### TASK GOAL
For this exercise, copy exactly the lines below from the one with "Papier peint photo" through the one with "Spotless poetspapierdispenser Midi, zwart" and leave out the pictures.

(Records drawn from a dataset)
+ + + + +
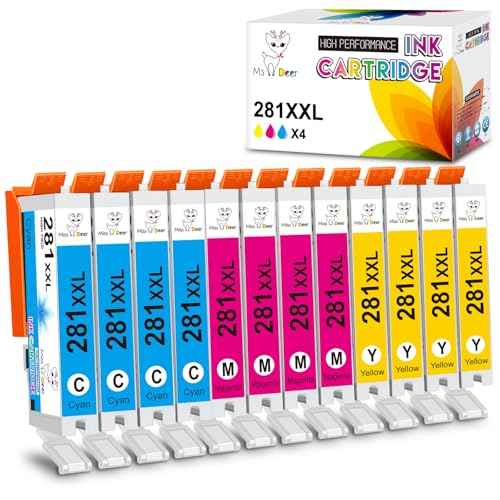 Miss Deer CLI-281 XXL Cyan Magenta Yellow-12 Color Ink Compatible with Canon 281XXL CLI281 Value Pack Work for Pixma TS6120 TS8120 TR7520 TR8520 TS9120 TS6220 TS8220 TS9520 TS9521C (4C,4M,4Y) 12 Pack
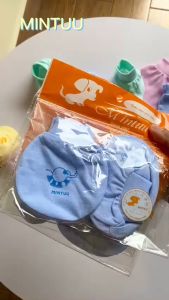 Bao tay bao chân bé sơ sinh bo chun họa tiết chất vải Cotton 100% mềm mại cho bé  0-3 tháng Mintuu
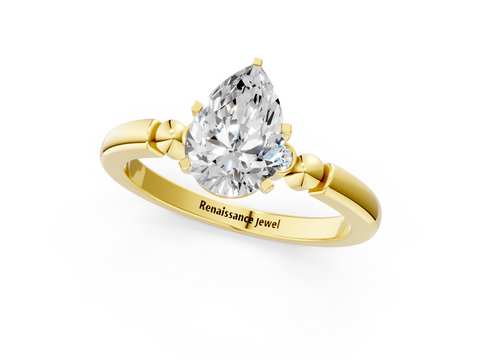 Yellow gold Pear Solitaire Beaded Band with Four-Prong Setting_38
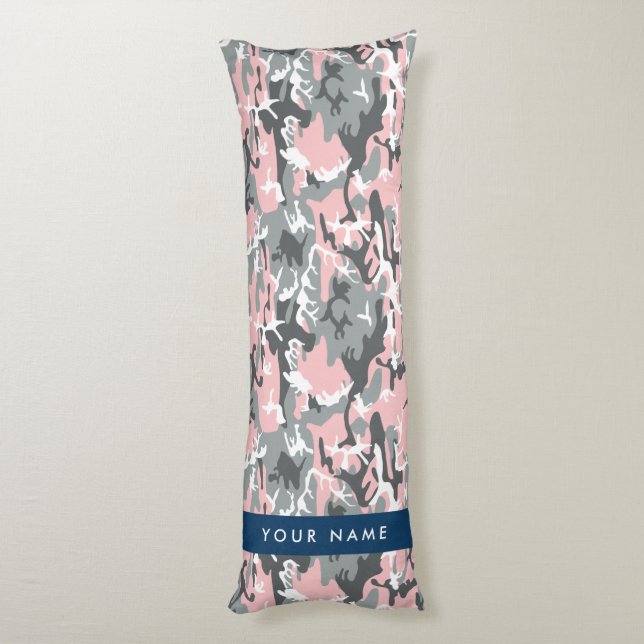 Pink and Grey Camouflage Your name Personalize Body Pillow (Back (Vertical))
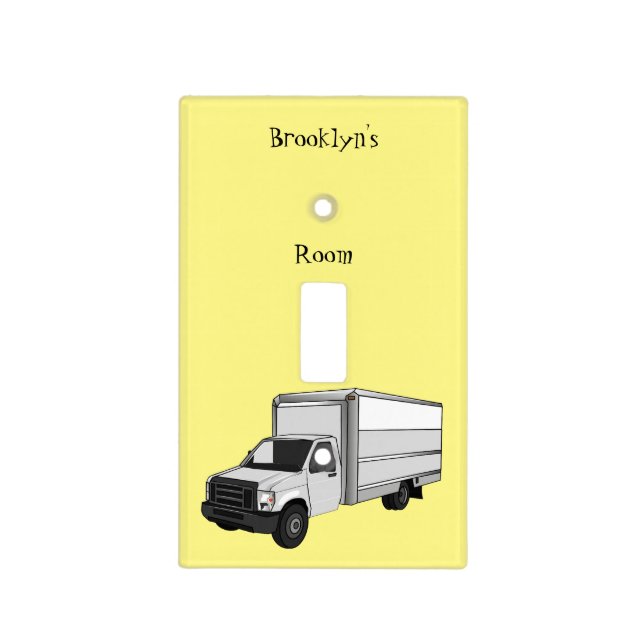 Box truck cartoon illustration light switch cover (Front)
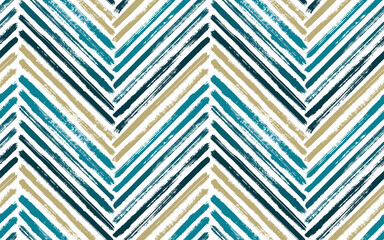 Papier peint photo Chevron patrons Chevron zigzag pinceau encre noire  © SunwArt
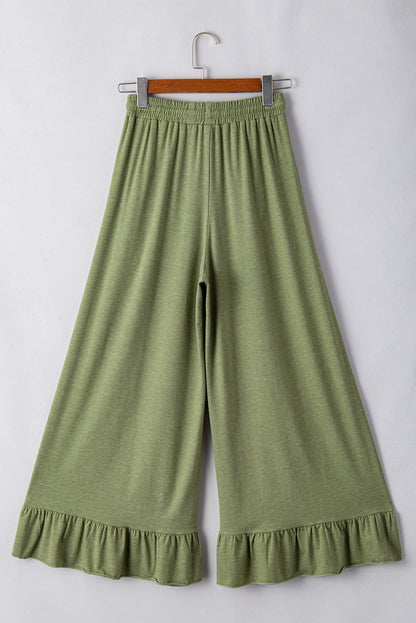 Dune Solid Color Ruffle Hem Wide Leg Pants Shewin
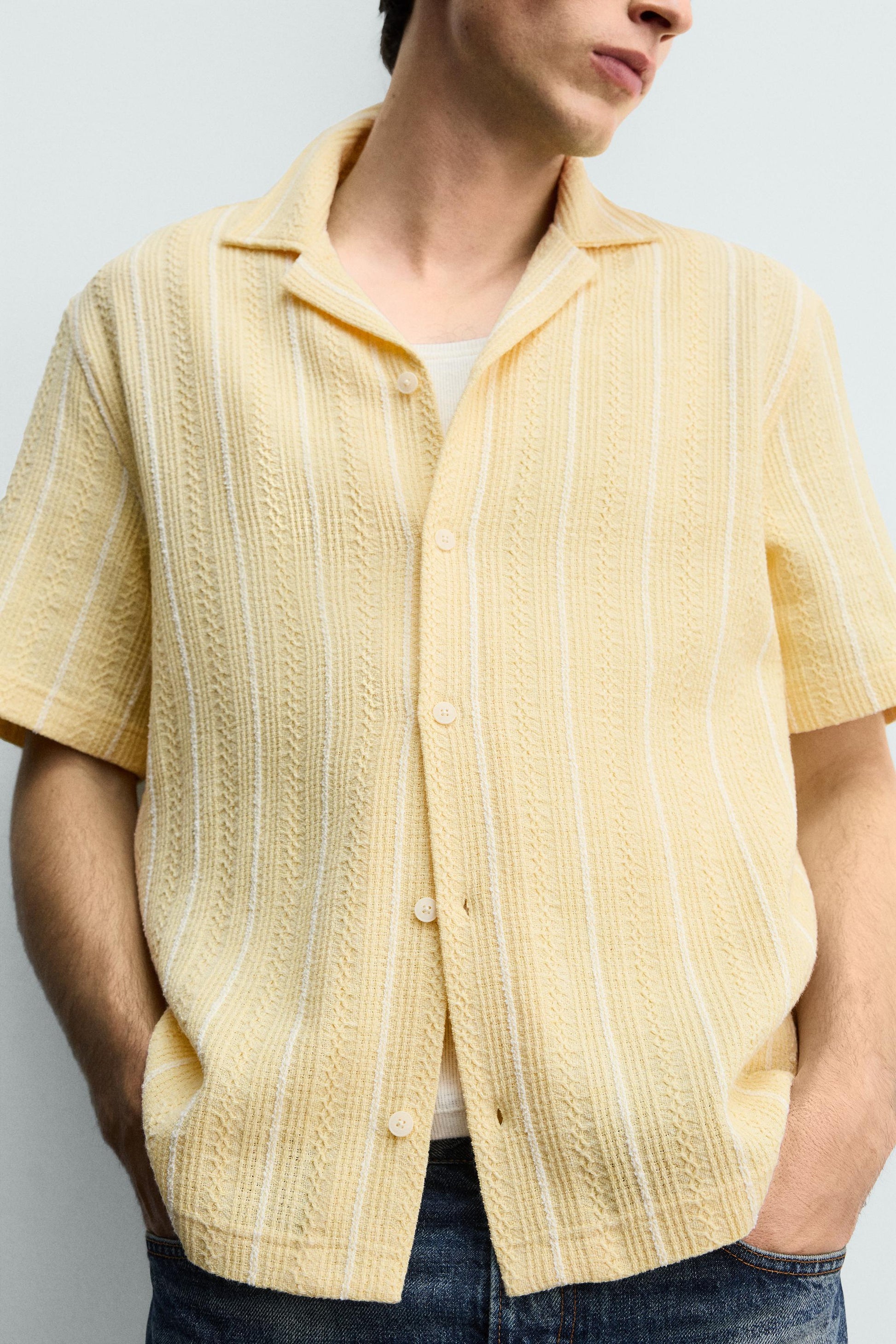 CAMISA REGULAR FIT JACQUARD ÀS RISCAS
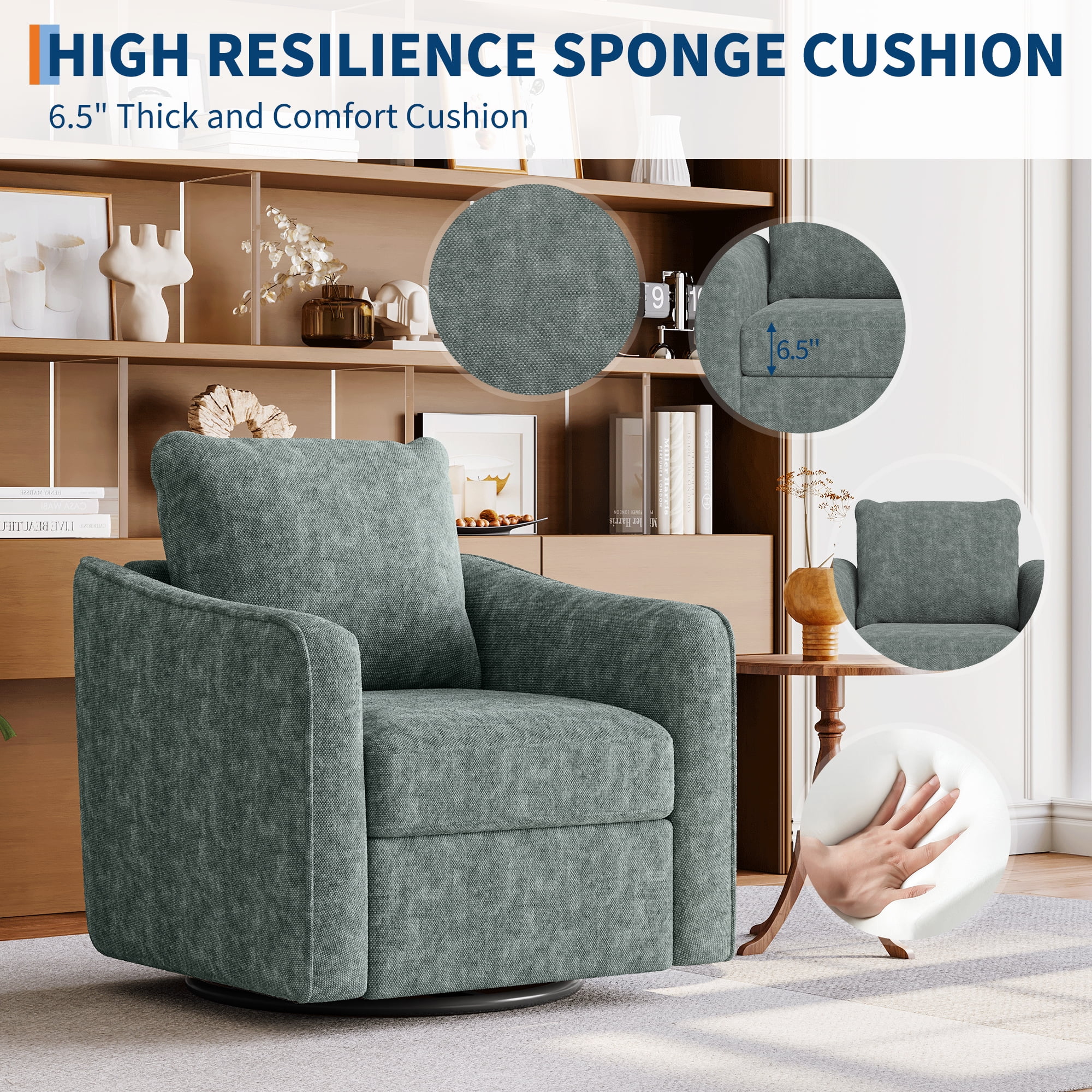 Swivel Rocker Recliner Chair, Glider Rocker Recliner, Rocking Chair Nursery, Fabric Chair with High Back, Deep Seat, for Living Room, Bedroom, Green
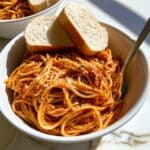Instant Pot Spaghetti with Ground Beef and Tomato Sauce Recipe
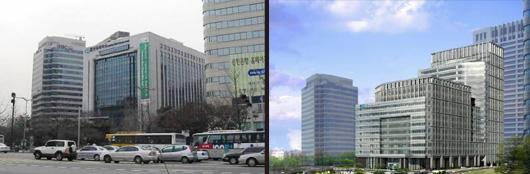 서울 남대문 상의 빌딩 현재 모습(왼쪽)과 …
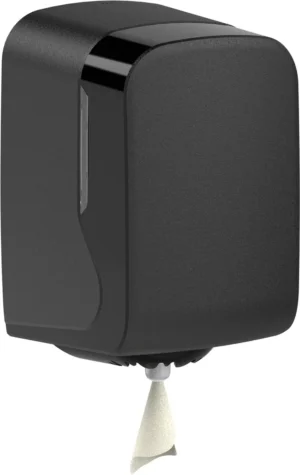Spotless poetspapierdispenser Midi, zwart — schoonmaakbenodigdheden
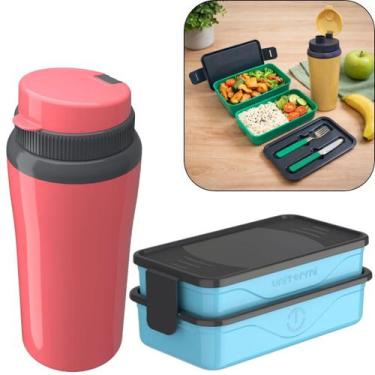 Imagem de Kit Marmita Fit Unitermi Talheres Divisórias Copo Térmico Miami 650ml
+ + + + +
### RESULT OF THE TASK
 Papier peint photo Chevron patrons Chevron zigzag pinceau encre noire  © SunwArt
 Dune Solid Color Ruffle Hem Wide Leg Pants Shewin
 CAMISA REGULAR FIT JACQUARD ÀS RISCAS
 Swivel Rocker Recliner Chair, Glider Rocker Recliner, Rocking Chair Nursery, Fabric Chair with High Back, Deep Seat, for Living Room, Bedroom, Green
Instant Pot Spaghetti with Ground Beef and Tomato Sauce Recipe
 서울 남대문 상의 빌딩 현재 모습(왼쪽)과 …
Spotless poetspapierdispenser Midi, zwart — schoonmaakbenodigdheden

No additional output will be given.